Other notes will likewise be reissued in what is only the second series of euro banknotes since the single currency's launch on 1 January 1999.

The new series will be phased in over several years with the five-euro note entering circulation in May.

Europa has featured on some euro coins before.

The new notes are appearing at a time of continued uncertainty about the 17-nation eurozone's stability. Last year there was intense speculation that struggling Greece might have to exit the eurozone, so some may see it as ironic that a Greek goddess is now the face of the euro.

In order to use up remaining stocks in many eurozone countries, the original five-euro notes will be issued for several months alongside the new ones.

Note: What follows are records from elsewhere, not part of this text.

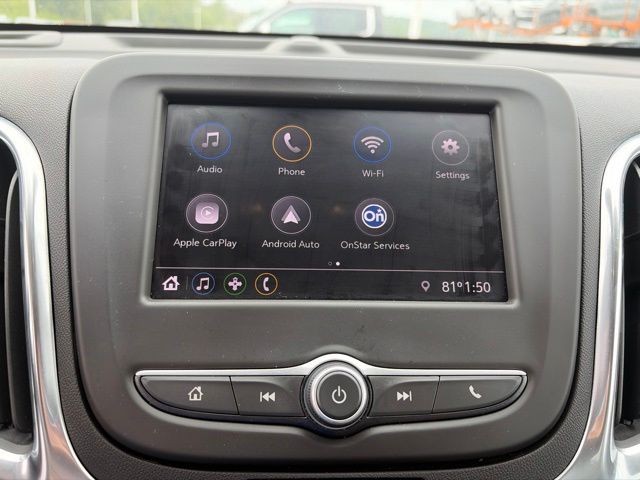 Used 2021 Chevrolet Equinox SUV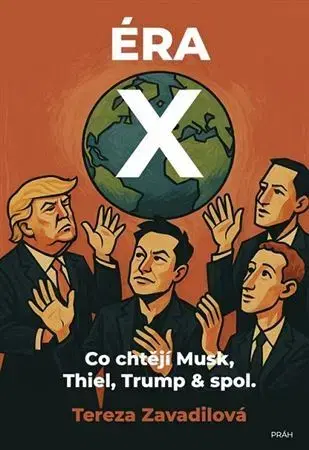 Ekonómia, manažment - ostatné Éra X - Tereza Zavadilová
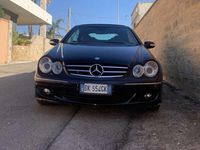 Usata Mercedes CLK320 Avantgarde 224 CV (164 kW) 2007 Cabrio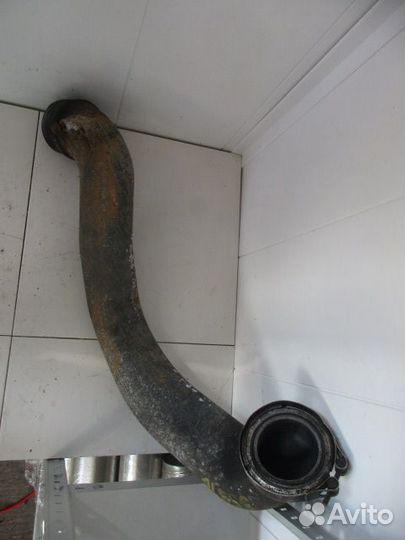 Патрубок интеркулера Iveco Stralis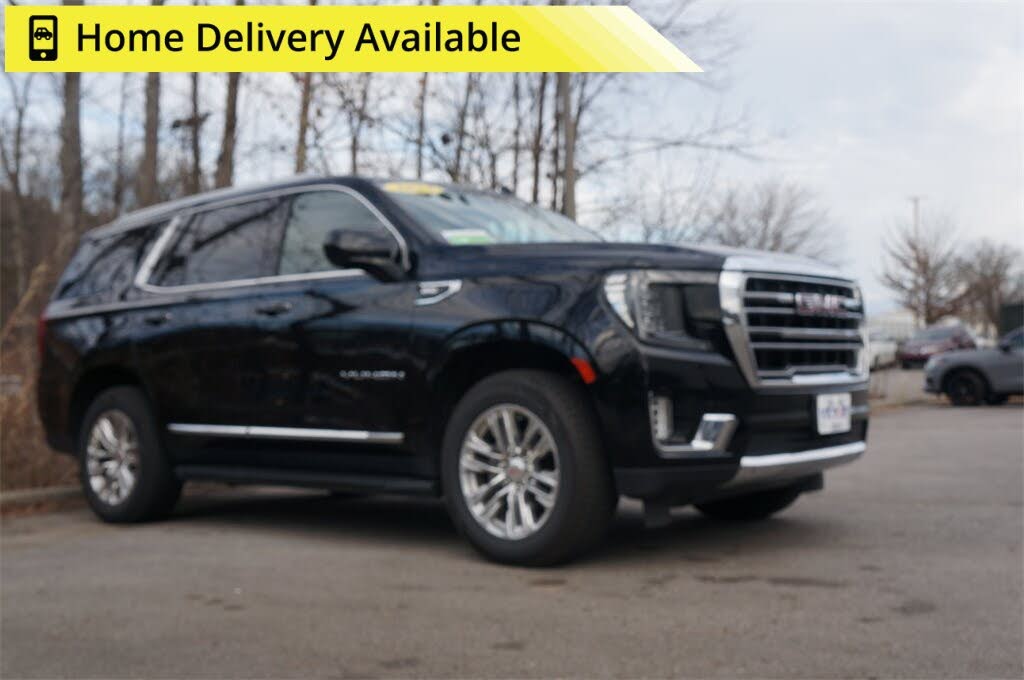 2023 GMC Yukon SLT 4WD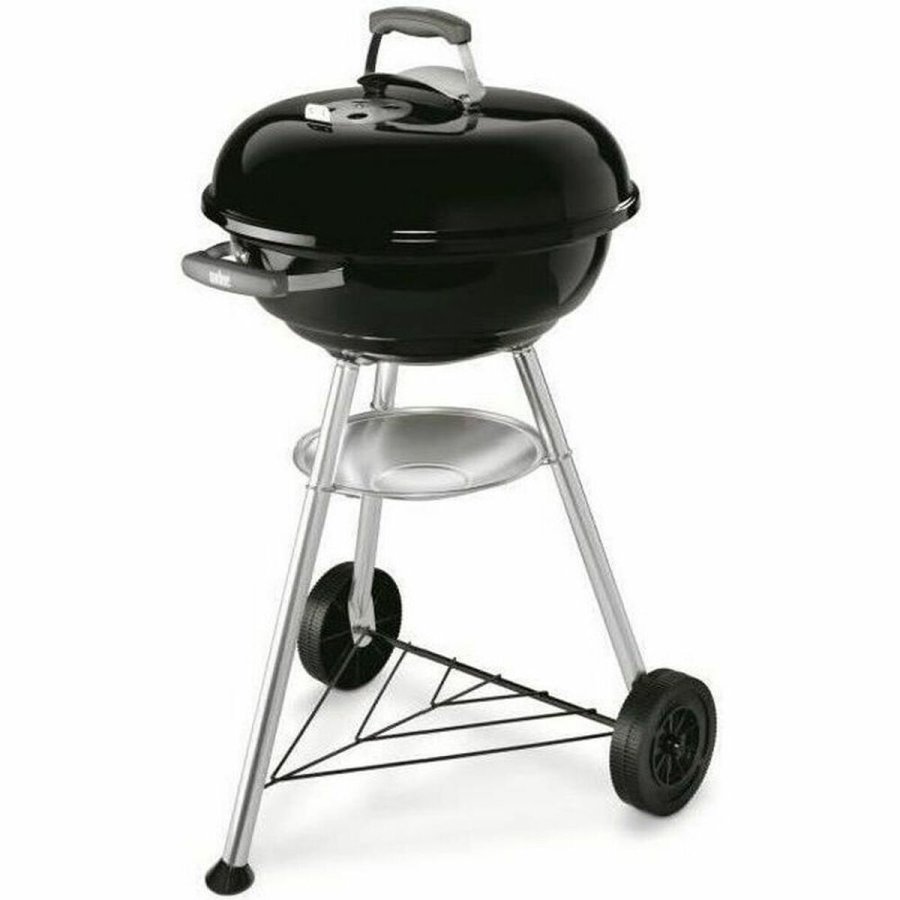 Havegrill Weber Compact  47 cm Glaseret stl #1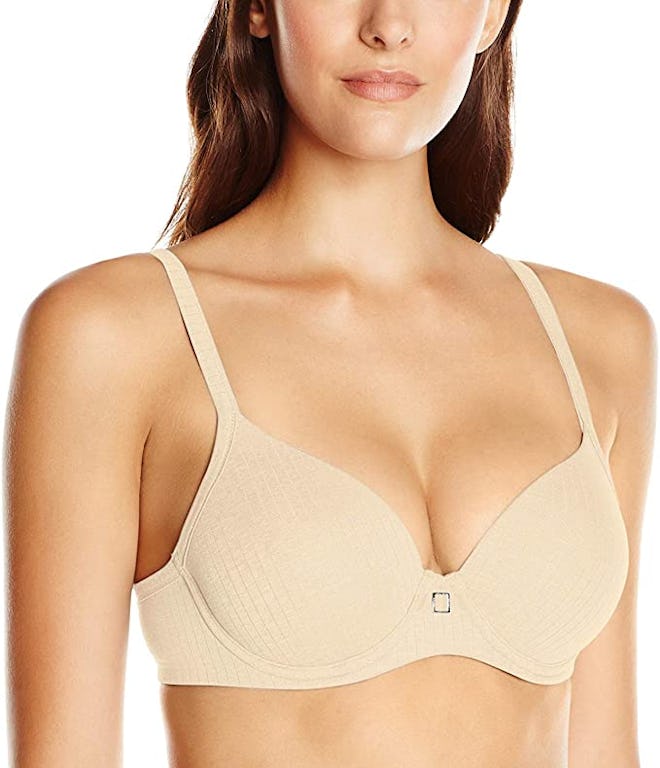 Hanes Ultimate ComfortBlend T-Shirt Bra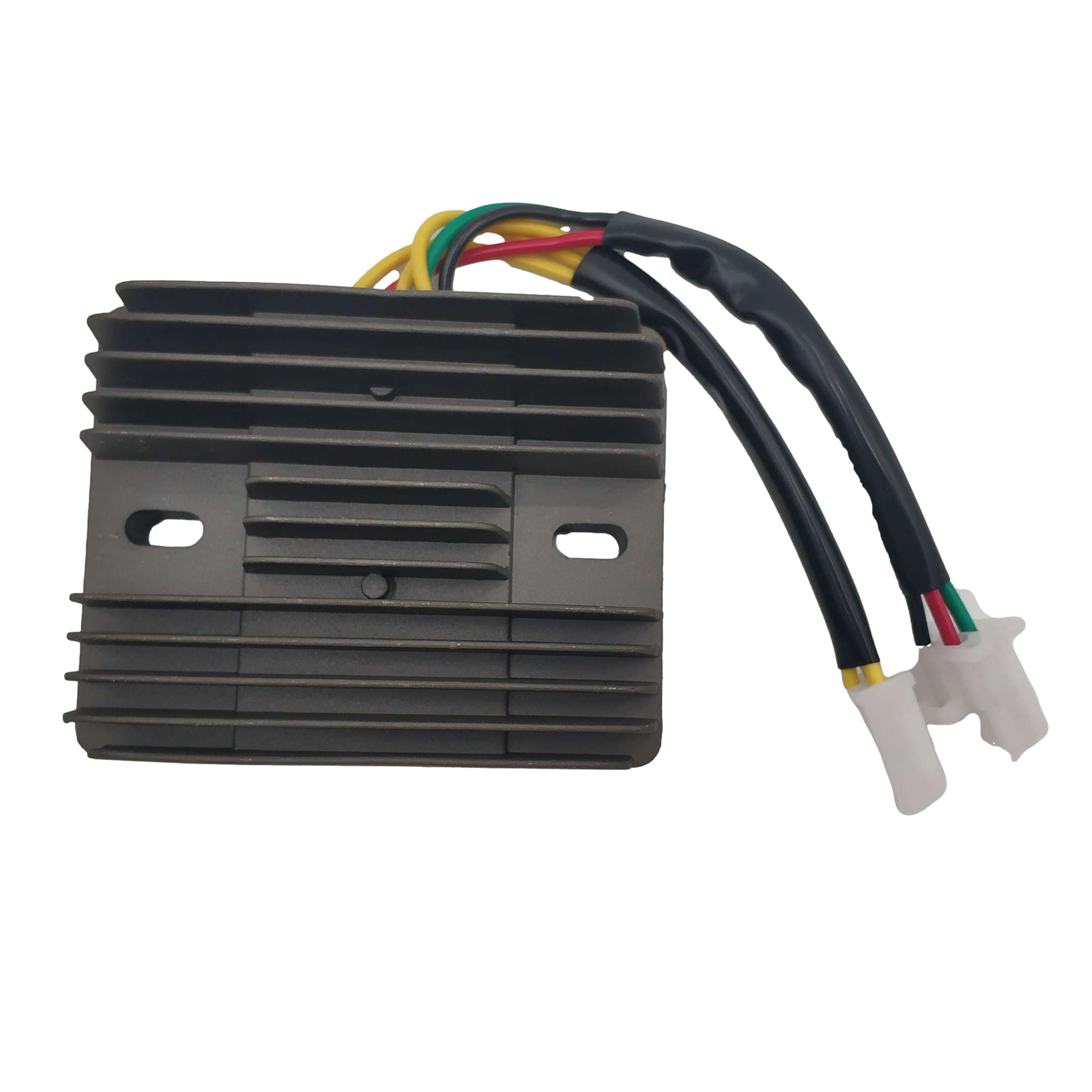 PARTSABCD GY6 250CC 250 ATV Quad Go Kart Rectifier Voltage Regulator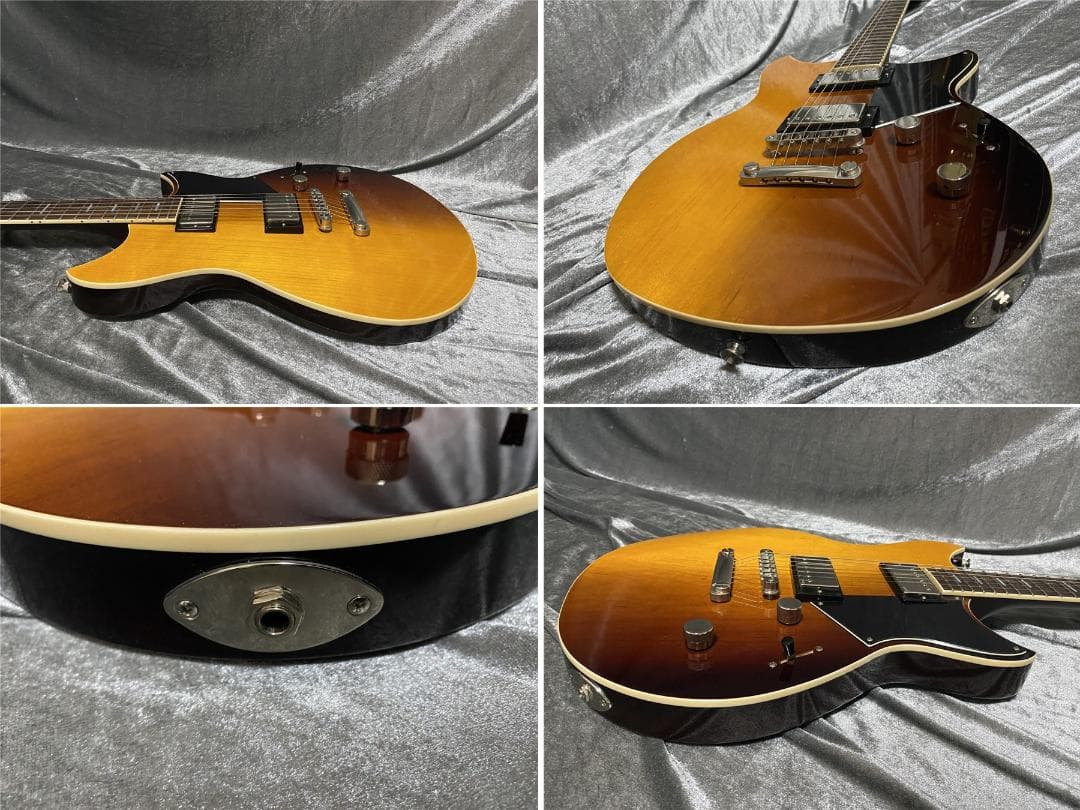 美品 YAMAHA RSS20 REVSTAR STANDARD 高コスパモデル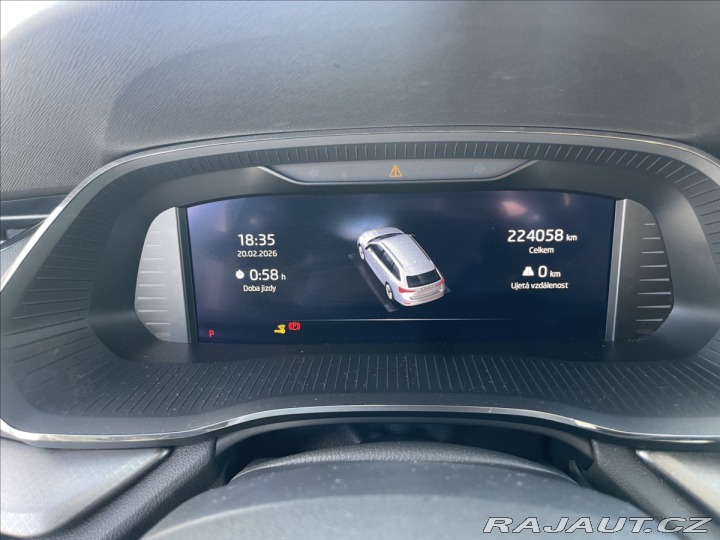 Škoda Octavia 2,0 TDi 110kw DSG Style N 2023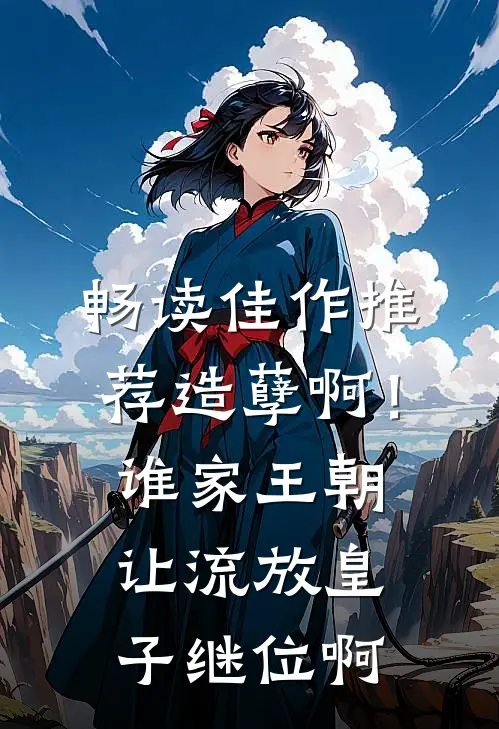 畅读佳作推荐造孽啊！谁家王朝让流放皇子继位啊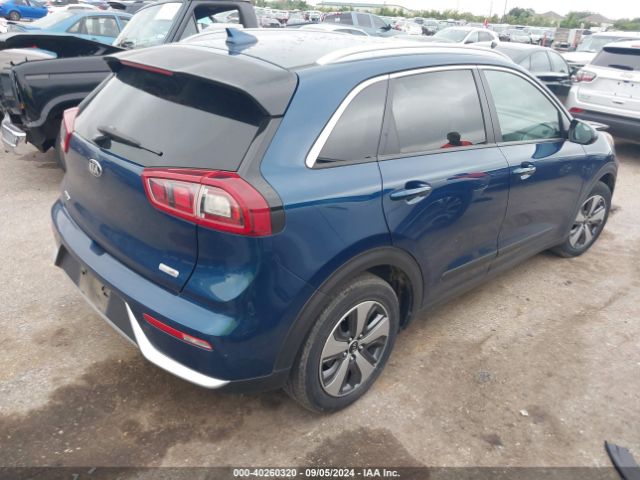 Photo 3 VIN: KNDCB3LC1J5206513 - KIA NIRO 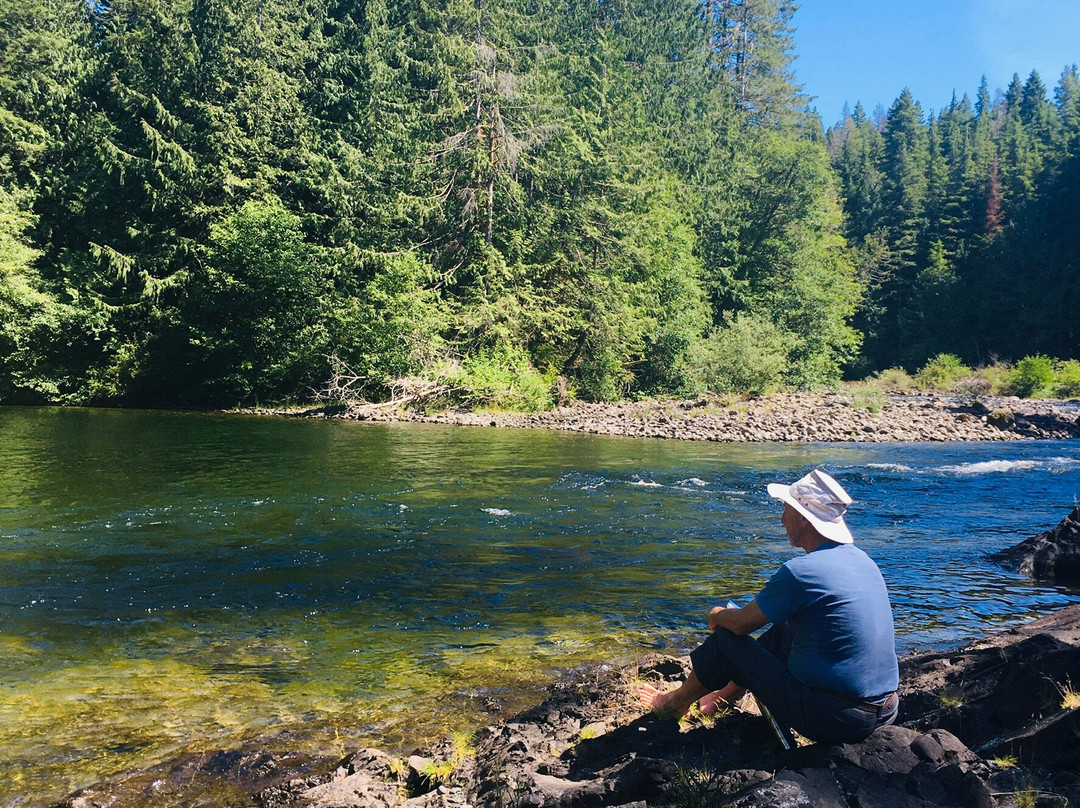 Marble River Provincial Park-Port Alice必去景点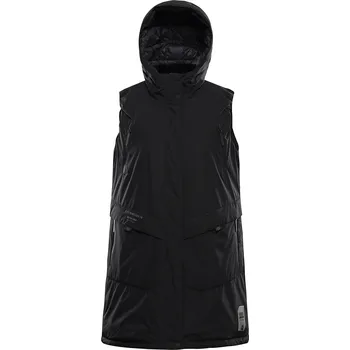 Dámská vesta ALPINE PRO - HARDA 2 DÁMSKÁ VESTA S MEMBRÁNNOU PTX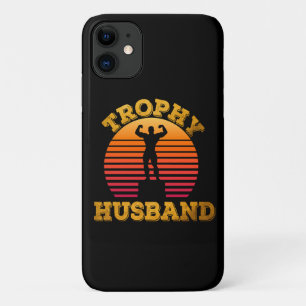 Trophy Husband iPhone 11 Case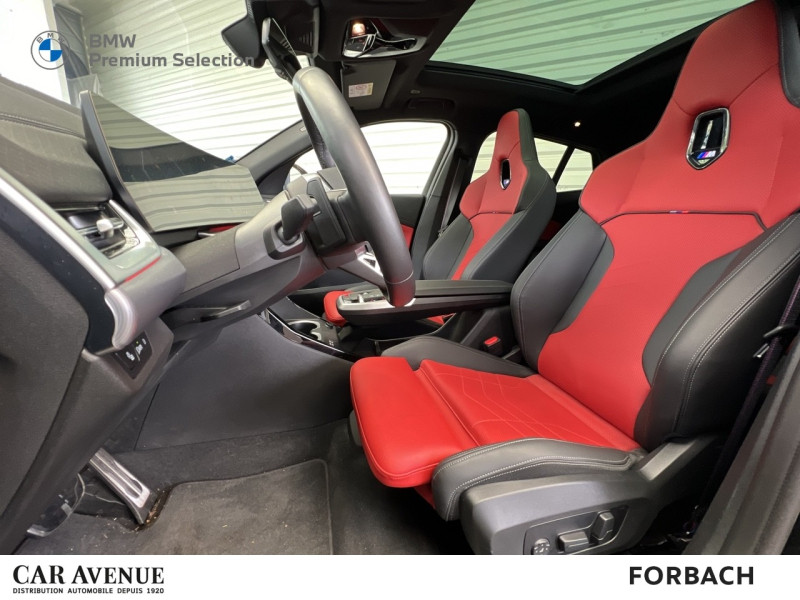 Occasion BMW X2 sDrive20iA 170ch M Sport DKG7 2023 Saphirschwarz métallisé 54900 € à Forbach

The two series will circulate in parallel as legal tender.

The ECB has not yet set a termination date for the first series as legal tender, and says the deadline will be announced well in advance.

In Greek mythology, Europa was a noble Phoenician woman whose beauty inspired the god Zeus to seduce her. He appeared to her as a white bull and carried her away to Crete. Later she bore Zeus three sons, one of whom, Minos, became ruler of Crete.

The image used on the five-euro note comes from a vase in the Louvre Museum in Paris. The vase is more than 2,000 years old and was found in southern Italy.